When we enter your store, the glaring lights from outside are replaced with a warm golden glow. Everything in here is immaculate—the slick tile floors, the sparkling glass storefront. It looks like a part of a palace. Mama, Khalti Ashraf, my cousin Sijoud, and I have come here together, and we are the only customers inside. We peruse the kaftans flowing from the racks, tracing the silk brocade and sequins with our fingers. You tell us you personally collected these items from Morocco, and we remark on their beauty—it is the kind of beauty that bears recognition.
One dress in particular catches Mama’s eye. She grabs it by the hanger and places it against her body. We join her in imagining how the dress will suit her, and we insist she try it on. You lead Mama to a corner of your shop, where the only fitting room available is a small space enclosed by a curtain. Before she disappears inside, you exit the store to afford her maximum privacy.

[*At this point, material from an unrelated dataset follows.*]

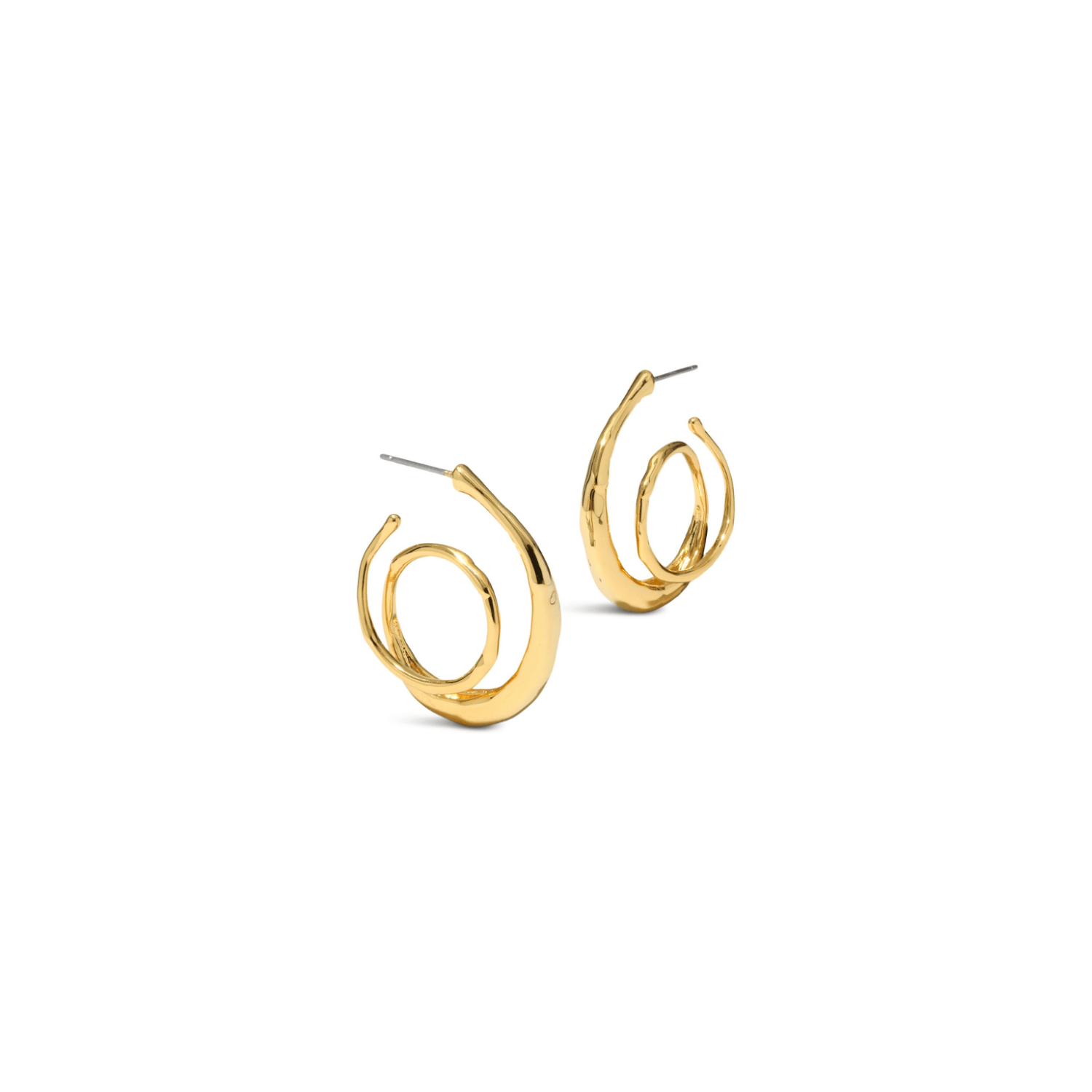 A pair of gold-toned spiral hoop earrings with post backs, shown on a plain white background.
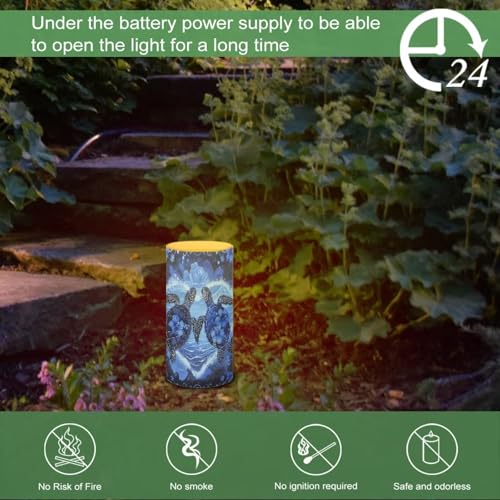 Image of Poceacles Sea Turtle Flickering Flameless LED Battery Candles Pillar Candles Tealight with 18-Key Timer Remote with Colorful Light for Indoor Outdoor Home Decoration, Blue Sea Turtle Hibiscus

A few minutes later, Mama emerges from behind the curtain wearing the kaftan that looks like it was fashioned just for her. Mocha in color with gold embroidery, it drapes down to the floor with a slight flare. Mama extends her arms out to show off the bell sleeves. All of us adore it, but her excitement is what endears me most. Her smile holds the enchantment of a young girl. She changes back into her clothes and you return shortly after.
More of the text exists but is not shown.